### Task details
An exact copy of the records below is required, and it must contain no pictures.

### The input
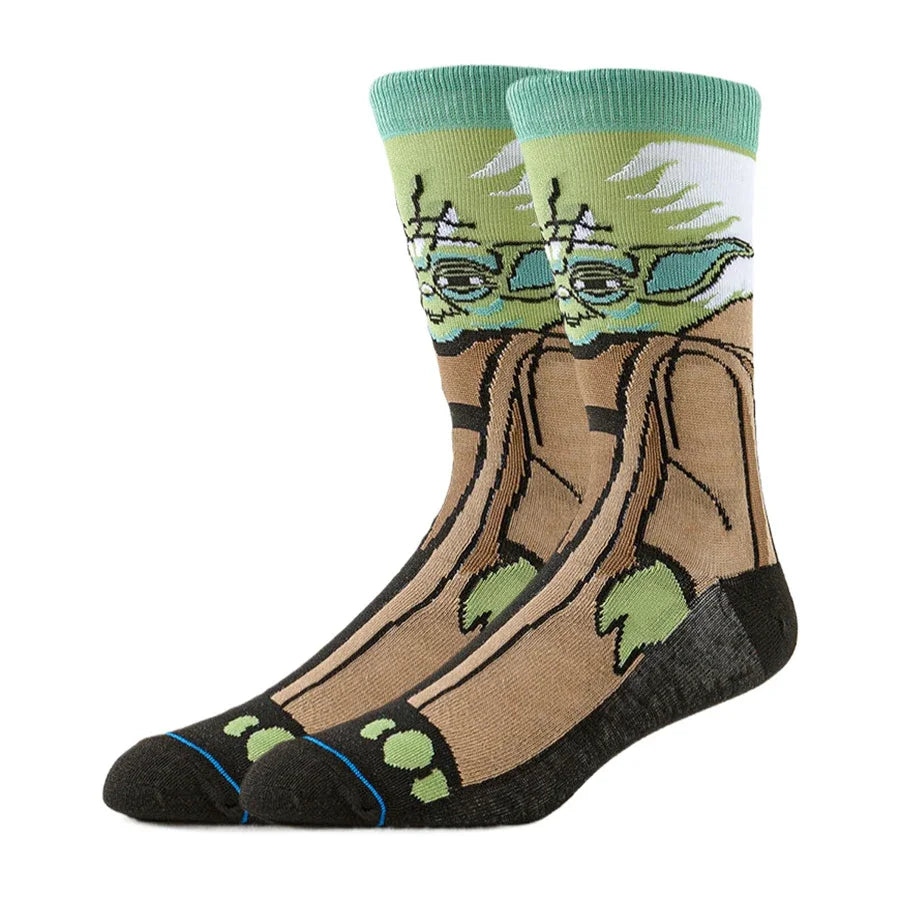 MINISO Disney Anime-Socken – Lange Cartoon-Socken für Männer und Frauen, lustiger und origineller Stil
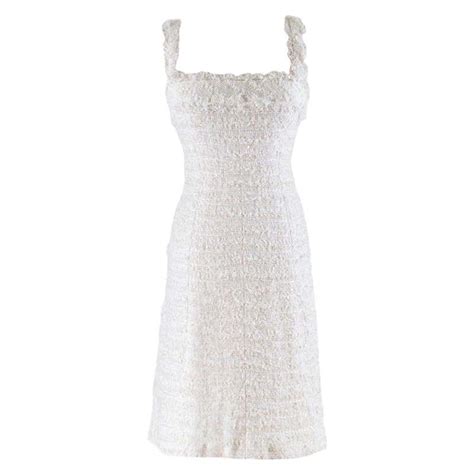 chanel white dresses 2015|vintage chanel white dress.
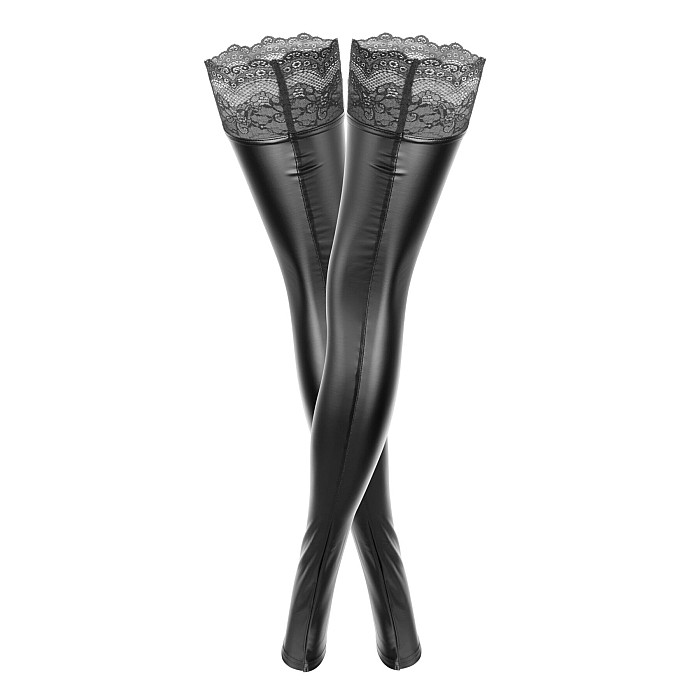 Панчохи Noir Handmade F135 Powerwetlook stockings - S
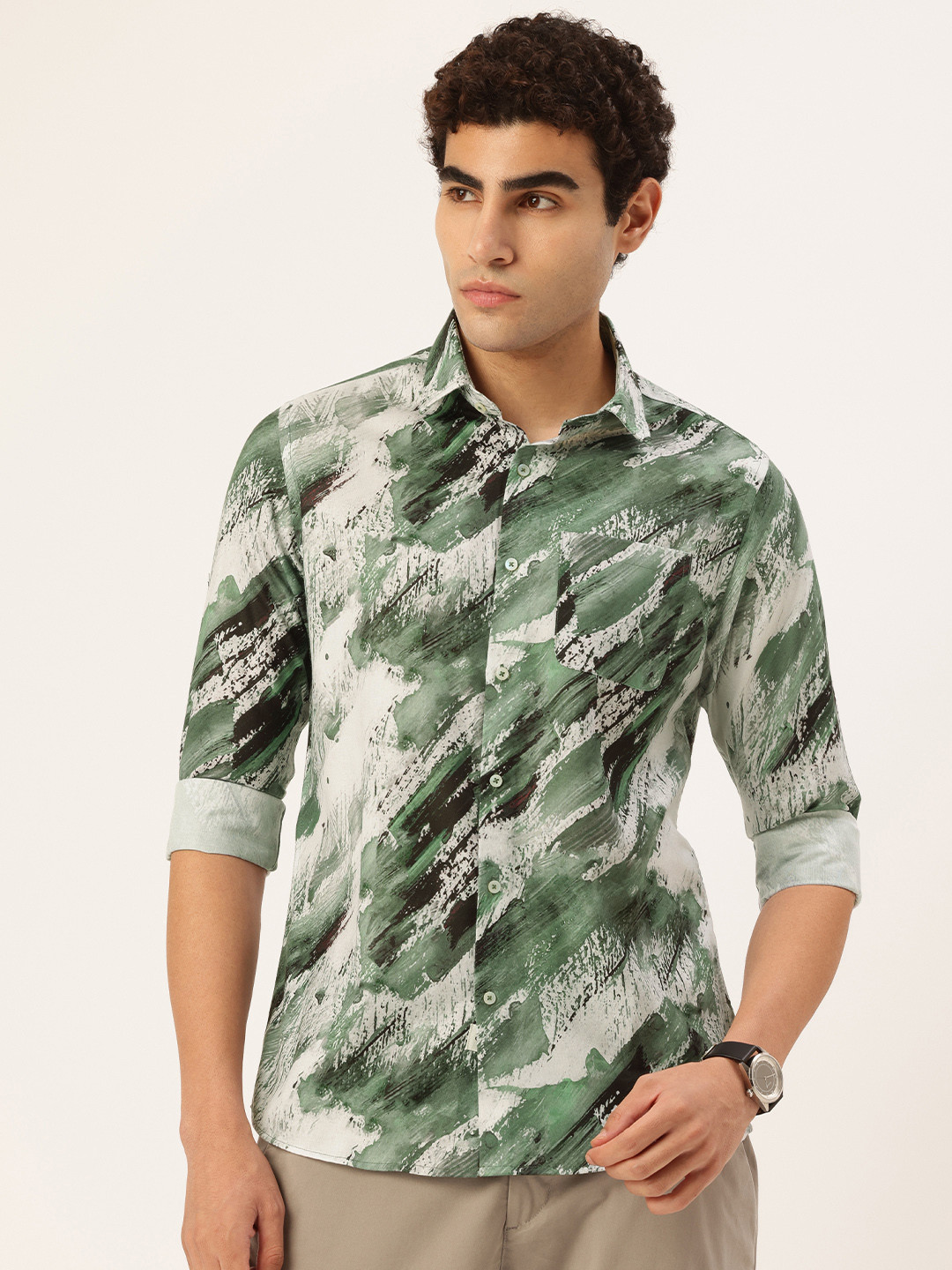 Integriti Slim Fit Printed Casual Shirt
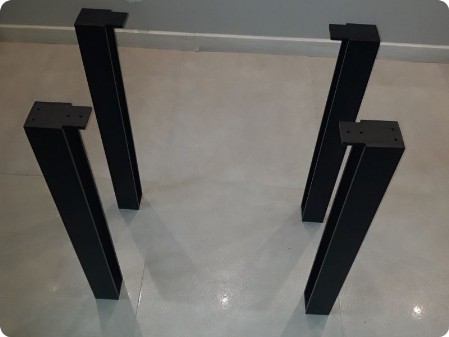 Metalowe nogi stołowe proste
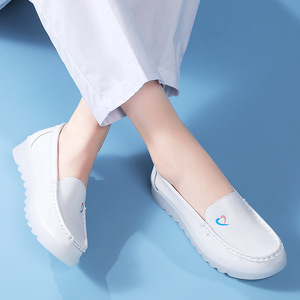 Chaussures infirmières pour femmes, semelle souple, respirantes, tige en maille, semelle épaisse, antidérapantes, antistatiques, chaussures médicales d'automne, confortables - Product Image 2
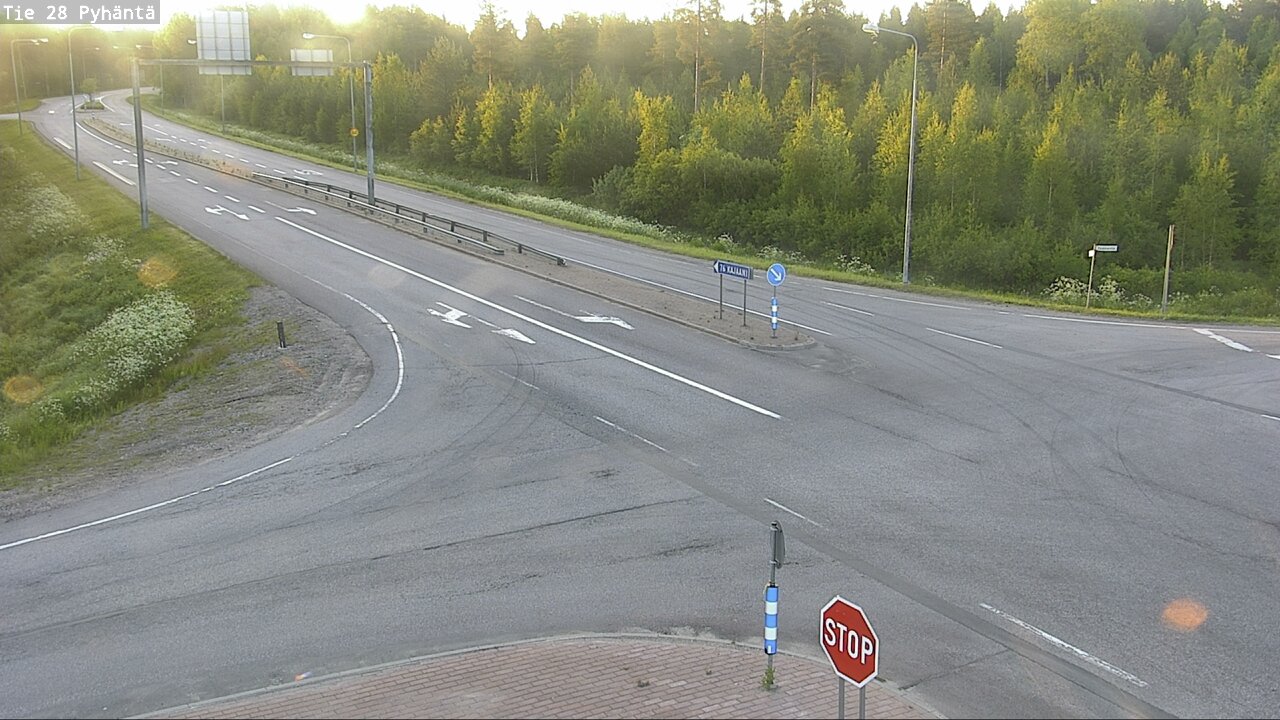 Weather Camera Image Väg 28 Pyhäntä, Pyhäntä, Pohjois-Pohjanmaa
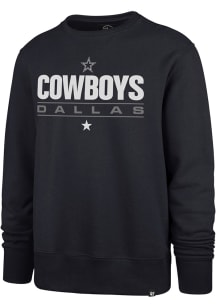 47 Dallas Cowboys Mens Navy Blue Homeland Long Sleeve Crew Sweatshirt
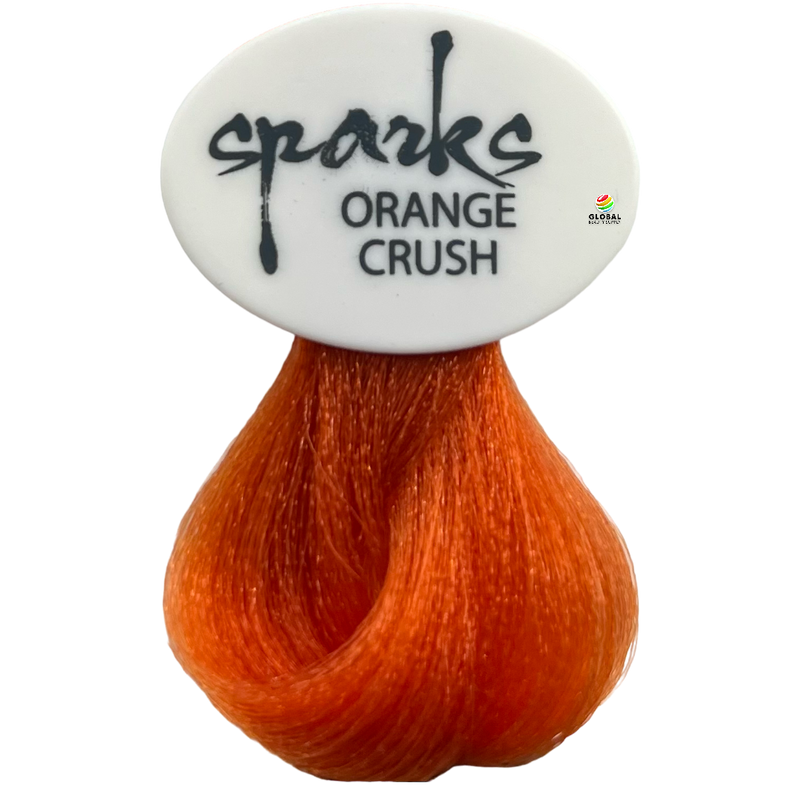 Sparks - Long Lasting Bright Hair Color "Orange Crush" 3 Fl Oz. 90 mL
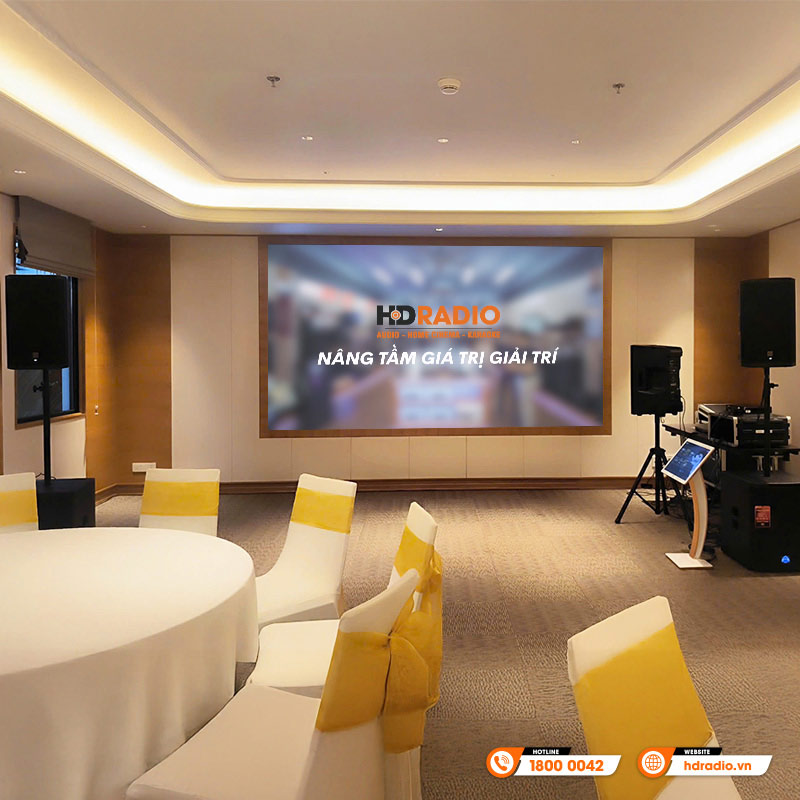 Dàn âm thanh sân khấu biểu diễn của anh Hưng ở Quận 3, TP.Hồ Chí Minh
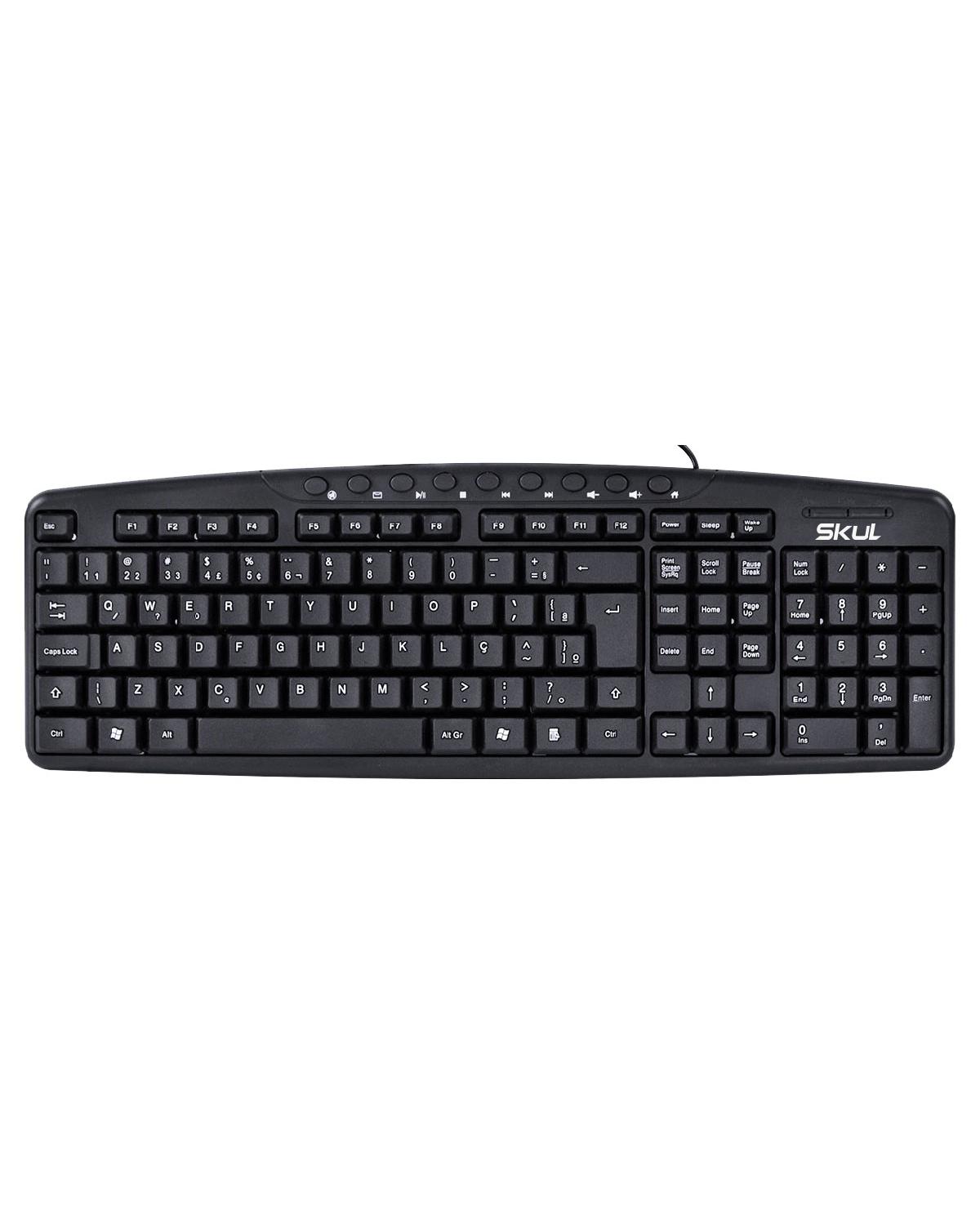 TECLADO COMP ABNT2 1.8M PT - SKTEC-001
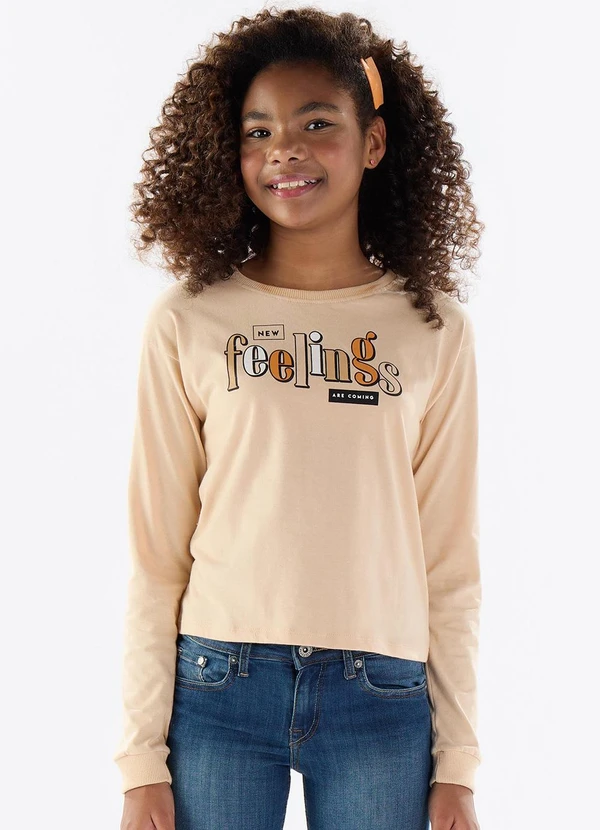 Pulla Bulla - Blusa Meia Malha Bege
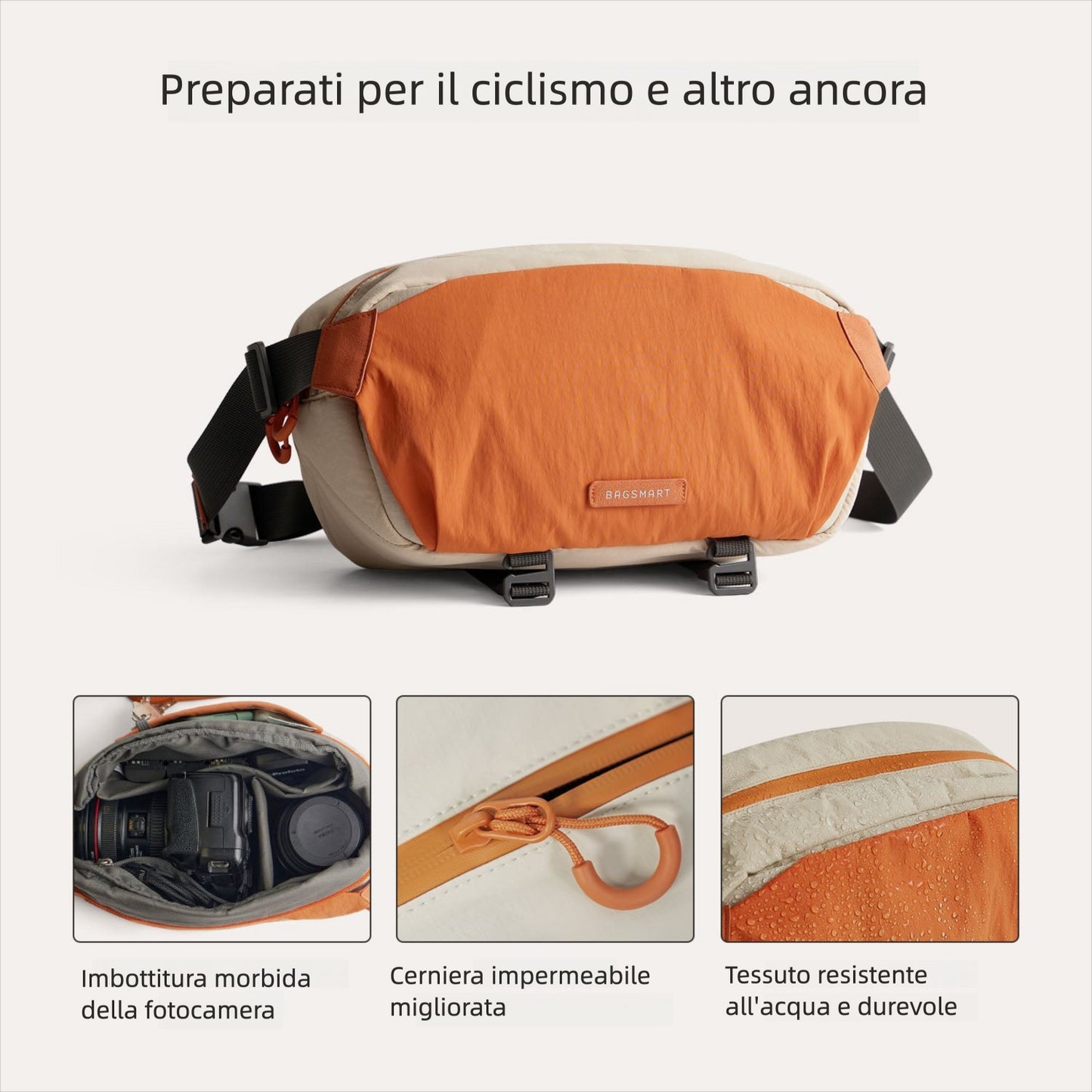 Soar 6L – Camera Sling con supporto per treppiede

### Task response
 MINISO Disney Anime-Socken – Lange Cartoon-Socken für Männer und Frauen, lustiger und origineller Stil
 chanel white dresses 2015|vintage chanel white dress.
 Панчохи Noir Handmade F135 Powerwetlook stockings - S
 Integriti Slim Fit Printed Casual Shirt
 Metalowe nogi stołowe proste
 Chaussures infirmières pour femmes, semelle souple, respirantes, tige en maille, semelle épaisse, antidérapantes, antistatiques, chaussures médicales d'automne, confortables - Product Image 2
 Weather Camera Image Väg 28 Pyhäntä, Pyhäntä, Pohjois-Pohjanmaa
 47 Dallas Cowboys Mens Navy Blue Homeland Long Sleeve Crew Sweatshirt
 Sparks - Long Lasting Bright Hair Color "Orange Crush" 3 Fl Oz. 90 mL
 Dàn âm thanh sân khấu biểu diễn của anh Hưng ở Quận 3, TP.Hồ Chí Minh
 TECLADO COMP ABNT2 1.8M PT - SKTEC-001
 Pulla Bulla - Blusa Meia Malha Bege
 Soar 6L – Camera Sling con supporto per treppiede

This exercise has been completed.